Task statement: Only one stretch of the data below is needed: the line with "SET 2 ÁO XƯỚC" through the last line. Output it exactly and drop the pictures.

The records:

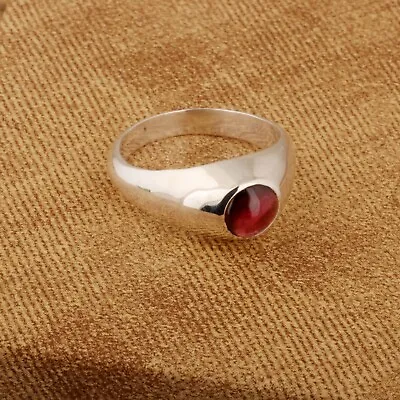 Natural Red Garnet Gemstone Men's Signet Ring 925 Silver Ring Anniversary Ring • $22.99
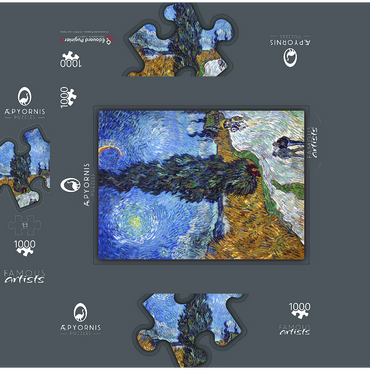 Vincent van Gogh's Road with Cypress and Star (1890) 1000 Jigsaw Puzzle box 3D Modell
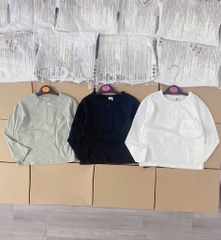 SET 2 ÁO XƯỚC CỔ TRỤ TÚI TRƯỚC DÀI TAY BÉ TRAI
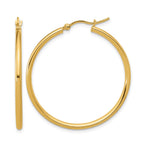 14K Polished 2x35mm Hoop Earrings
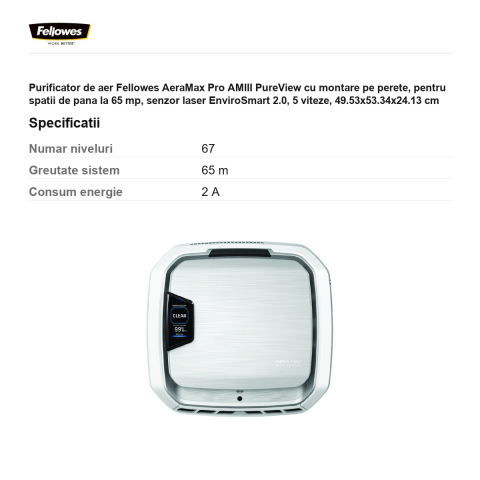 Purificator de aer Fellowes AeraMax Pro AMIII PureView cu montare pe perete, pentru spatii de pana la 65 mp, senzor laser EnviroSmart 2.0, 5 viteze, 49.53x53.34x24.13 cm [2]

Solution to this exercise:
 SET 2 ÁO XƯỚC CỔ TRỤ TÚI TRƯỚC DÀI TAY BÉ TRAI
 14K Polished 2x35mm Hoop Earrings
 Purificator de aer Fellowes AeraMax Pro AMIII PureView cu montare pe perete, pentru spatii de pana la 65 mp, senzor laser EnviroSmart 2.0, 5 viteze, 49.53x53.34x24.13 cm [2]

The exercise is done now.